Stille Nacht, Techno-Nacht

■ Der 1. Bremer Techno-Laternenumzug war eher erleuchtetes Schlendern als Rave

Der alljährliche Berliner Techno-Jünger-Vereinigungsmarsch „Love-Parade“ gerät immer mehr in Mißkredit. Der Legende nach ursprünglich von allen Kommerzgedanken frei, wird die Großveranstaltung zusehends unterwandert von werbenden Konzernen wie „Haribo“ und einfallslosen Musikvideomachern, die verläßlich dafür sorgen, daß jedes zweite Techno-Video mit Aufnahmen der letzten Love-Parade vollgestopft wird. So sollte der Techno-Laternenumzug „Laterne, Laterne“, der am Freitag auf dem Bremer Marktplatz startete, auf keinen Fall werden. Keine riesigen Laster mit noch riesigeren Boxen, keine Gratispackungen Lakritze von sponsernden Unternehmen. Stattdessen kleinere Soundsystems und selbstgebastelten Laternen.

Die Soundsystems bestanden in diesem Falle aus jeweils einer Person, die jeweils einen Kassettenrekorder bei sich trug.
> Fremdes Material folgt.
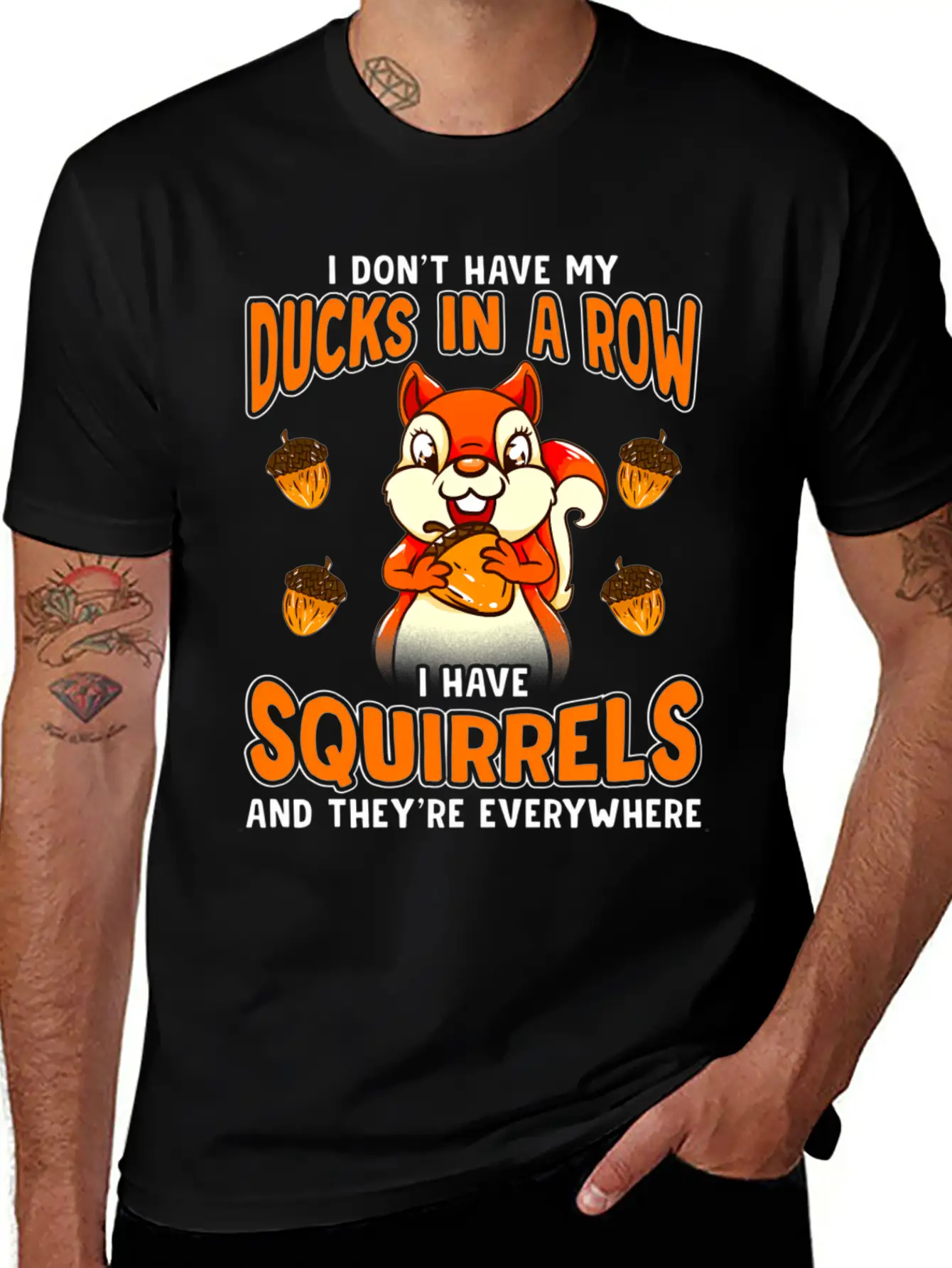 Dont Have Duc In A Row I Have Squirrels Stylish Everyday T-Shirt – Unisex Basic Cotton Tee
Sonderlich laut war das nicht, so daß man sich schon arge Mühe geben mußte, stets in unmittelbarer Nähe eines „Soundsystems“ zu sein, wenn man die Musik hören wollte. Wenigstens sammelte sich um 21 Uhr ein zielgruppenübergreifendes Völkchen unter dem Roland. Neben den erwarteten Techno-Fans und Szenepromis wie Günther Kahrs (der sich diesmal per Ghettoblaster in ein „Soundsystem“ verwandelt hatte) fanden sich auch einige zufällig vorbeigekommene Passanten unter den Laternelaufwilligen sowie ein paar echte Kinder samt Eltern. Fraglich ist, welchen Eindruck von der Institution des Laternelaufens diese Kinder später an ihre Kinder weitergeben werden. Auf jeden Fall den, daß man viel warten muß. „Müssen wir hier noch lange rumstehn?“ quengelte manch kleiner Racker, denn trotz angekündigt pünktlichem Abmarsches schien zunächst niemand zu wissen, wann es in welche Richtung losgehen sollte oder wer das wissen könnte. Löste sich eine größere Clique aus dem Pulk, dackelte man ihr ratlos hinterher, bis sich doch jemand entschlossen hatte, die offizielle Führung zu übernehmen. Los ging die fröhliche Meute unter skeptischen Blicken von Obdachlosen und Spielbankangestellten durch die Böttcherstraße in Richtung Weserufer. Dabei wurde es für eine Rave-Veranstaltung beängstigend still. Durch die Straßenenge wurde die Menge zu einem Schlauch mit unvorteilhaft plazierten Soundsystems, und es dauerte eine ganze Weile, bis jemandem der Text des Original „Laterne, Laterne“-Songs einfiel, aber der wackere Solosänger verstummte schnell wieder, als niemand einstimmen mochte.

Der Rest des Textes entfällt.